# Albion V - As the Seasons Change



## PeterBaumann (Nov 1, 2016)

Hope you like it. I wanted to compose with just Tundra to get to grips with it, with the only additional instrument being a piano from EW. What a lovely library, Spitfire!


----------



## Musicam (Nov 1, 2016)

The piano is so beautiful :_) Felt piano?


----------



## PeterBaumann (Nov 1, 2016)

I know, so good! it's my go-to piano from EastWest - the Bosendorfer.
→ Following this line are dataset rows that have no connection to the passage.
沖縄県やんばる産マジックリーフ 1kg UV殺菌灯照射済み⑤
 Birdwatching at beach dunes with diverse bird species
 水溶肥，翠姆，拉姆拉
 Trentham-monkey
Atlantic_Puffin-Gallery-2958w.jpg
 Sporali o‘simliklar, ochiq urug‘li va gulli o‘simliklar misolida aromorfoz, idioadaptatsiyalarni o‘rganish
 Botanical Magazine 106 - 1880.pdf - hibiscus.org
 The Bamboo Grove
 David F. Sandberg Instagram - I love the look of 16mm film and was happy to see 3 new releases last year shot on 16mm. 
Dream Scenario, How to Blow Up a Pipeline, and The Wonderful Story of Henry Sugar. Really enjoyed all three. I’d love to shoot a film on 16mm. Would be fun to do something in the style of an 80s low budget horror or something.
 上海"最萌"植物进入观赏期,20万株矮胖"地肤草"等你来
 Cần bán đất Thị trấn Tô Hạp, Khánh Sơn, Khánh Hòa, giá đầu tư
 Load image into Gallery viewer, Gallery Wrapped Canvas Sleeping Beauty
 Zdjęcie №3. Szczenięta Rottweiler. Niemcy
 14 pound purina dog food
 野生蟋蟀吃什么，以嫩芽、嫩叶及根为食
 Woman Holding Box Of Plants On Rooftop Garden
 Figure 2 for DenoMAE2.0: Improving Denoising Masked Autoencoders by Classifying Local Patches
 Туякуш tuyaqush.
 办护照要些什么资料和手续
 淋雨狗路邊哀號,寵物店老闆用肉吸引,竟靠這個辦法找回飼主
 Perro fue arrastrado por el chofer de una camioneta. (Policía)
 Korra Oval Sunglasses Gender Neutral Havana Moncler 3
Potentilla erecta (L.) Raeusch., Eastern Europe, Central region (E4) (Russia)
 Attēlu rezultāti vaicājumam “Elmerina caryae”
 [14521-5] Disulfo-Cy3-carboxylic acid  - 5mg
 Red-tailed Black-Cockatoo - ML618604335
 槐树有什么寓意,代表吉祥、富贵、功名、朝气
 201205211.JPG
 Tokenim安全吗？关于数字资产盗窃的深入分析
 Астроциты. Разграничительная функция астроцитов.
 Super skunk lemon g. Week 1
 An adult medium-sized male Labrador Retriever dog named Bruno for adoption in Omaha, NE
Also a big fan of their Steinway and Bechstein too!


----------



## John Busby (Nov 1, 2016)

beautiful piece Peter!


----------



## PeterBaumann (Nov 1, 2016)

johnbusbymusic said:


> beautiful piece Peter!


Thanks very much


----------



## ClefferNotes (Nov 1, 2016)

Beautiful work! Loved the track!


----------



## Grizzlymv (Nov 1, 2016)

what a lovely piece! really love it. Great work there!


----------



## Symfoniq (Nov 1, 2016)

Wow. This is fantastic.


----------



## Thorsten Meyer (Nov 1, 2016)

Peter, love it. Well done.


----------



## OleJoergensen (Nov 1, 2016)

Wunder schön!


----------



## Ron Verboom (Nov 2, 2016)

Just Beautiful! Great work Peter!


----------



## Svyato (Nov 2, 2016)

I like it too; I would have been curious to see a making of, of your track, as the breathes and the transitions are really realistic. I don't know if it's rather because of your great skills or because of Tundra softness.  What do you think?


----------



## Harry (Nov 2, 2016)

Really excellent track.


----------



## MarcelM (Nov 2, 2016)

sounds fantastic. enjoyed it very much!


----------



## Svyato (Nov 2, 2016)

How are you making your modwheel movements? Do they look like straight or rather curved on your DAW? They make the strings sounding in a very realistic way.


----------



## PeterBaumann (Nov 2, 2016)

Svyato said:


> I like it too; I would have been curious to see a making of, of your track, as the breathes and the transitions are really realistic. I don't know if it's rather because of your great skills or because of Tundra softness.  What do you think?


All me clearly... 

Seriously though I'd say that Albion is amazing for this kind of thing - fade outs in particular. For me, simplicity is best for this kind of thing. Usually I'll play stuff in using the mod wheel and expression control (if I'm in front of my keyboard) and then adjust it to smooth it out afterwards in the logic piano roll, almost always, with a few exceptions, with straight lines. For some libraries this works better than others. I just prefer the cleaner look and then if I want to adjust it further (bring up the entire string section, say) then all I have to do is move one or two automation points rather than 100 little dots which effectively just create the same crescendo but less smoothly. Hope that makes sense...


----------



## Gunvor (Nov 2, 2016)

Beautiful! Amazing piece


----------



## PeterBaumann (Nov 2, 2016)

Gunvor said:


> Beautiful! Amazing piece


Thanks very much


----------



## sathyva (Nov 3, 2016)

Love it ! 
Well done Peter !


----------



## robharvey (Nov 8, 2016)

This is lovely. Well done! 

You've really captured what this library is for. Put a smile on my face!


----------



## PeterBaumann (Nov 8, 2016)

robharvey said:


> This is lovely. Well done!
> 
> You've really captured what this library is for. Put a smile on my face!


Glad to hear it


----------



## JasonTse (Nov 12, 2016)

Beautiful work here! Tundra is really a beautiful sounding library


----------



## calebfaith (Nov 13, 2016)

I really enjoyed listening to this. Awesome composition and production!


----------



## desert (Nov 13, 2016)

hey, it's perfect!


----------



## dannymc (Nov 19, 2016)

my god just when i thought my musicianship was getting somewhere somebody goes ahead and posts something like this 

this is stunning Peter, mesmerizing from start to finish. best thing i've heard here for a while. just beautiful. thanks for posting.

Danny


----------



## ReversedLogic (Nov 19, 2016)

Love this, absolutely beautiful.


----------



## Jetzer (Nov 20, 2016)

Nice


----------